O tuíte papal vai ao cerne da concepção judaico-cristã a respeito do tema. Diz o Gênesis: “Deus criou o ser humano à sua imagem, à imagem de Deus o criou. Homem e mulher ele os criou” (1,27). Encontramos aqui uma afirmação da radical dignidade do ser humano – ser imagem de Deus – e da radical igualdade entre homem e mulher – ambos são imagem de Deus. Encontramos também a afirmação da radical diferença entre os dois – homem e mulher (entendida aqui não somente na dimensão biológica).
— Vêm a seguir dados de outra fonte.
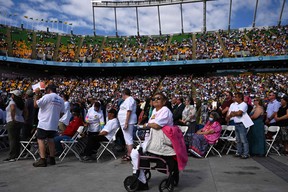 Faithful attend a Mass celebrated by Pope Francis at Commonwealth Stadium in Edmonton, Canada, on July 26, 2022. - The Pope will be celebrating the feast of St. Anne, grandmother of Jesus, a day of particular reverence for Indigenous Catholics.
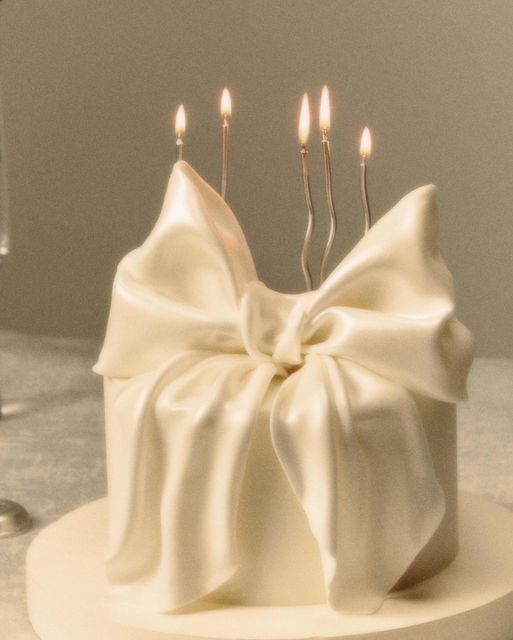 a white cake with candles in the middle and a bow on top that is sitting on a table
E encontramos, também, outra afirmação surpreendente: a imagem de Deus está na relação entre homem e mulher.

Uma relação entre dois seres humanos radicalmente diferentes entre si, chamados ao amor (aliança), a serem dádiva um para o outro. Como acontece na Trindade Santa: uma relação entre as três Divinas Pessoas, que são iguais – são Deus – e são diferentes – são Pai, e Filho, e Espírito Santo.

Abre-se aqui a possibilidade de a diferença se tornar riqueza – sem negar os conflitos inerentes à condição humana –, na paridade de dignidade e respeito, e na plena partilha de responsabilidades, poder, bens etc., sempre considerando o ser humano na integralidade de suas dimensões biológica, psicológica, espiritual, social e histórica.

Se essa concepção de ser humano se aplica primordialmente à família (“A família é ícone de Deus: a aliança entre um homem e uma mulher gera vida e comunhão”, diz a frase do Papa), ela também se aplica, na medida do possível, à relação entre homem e mulher nas esferas social, econômica, política, cultural e religiosa. A partir disso, os papéis sociais dos dois gêneros podem ser “reinventados”, no profundo respeito da identidade de cada homem e cada mulher, em sua igualdade e… diferença.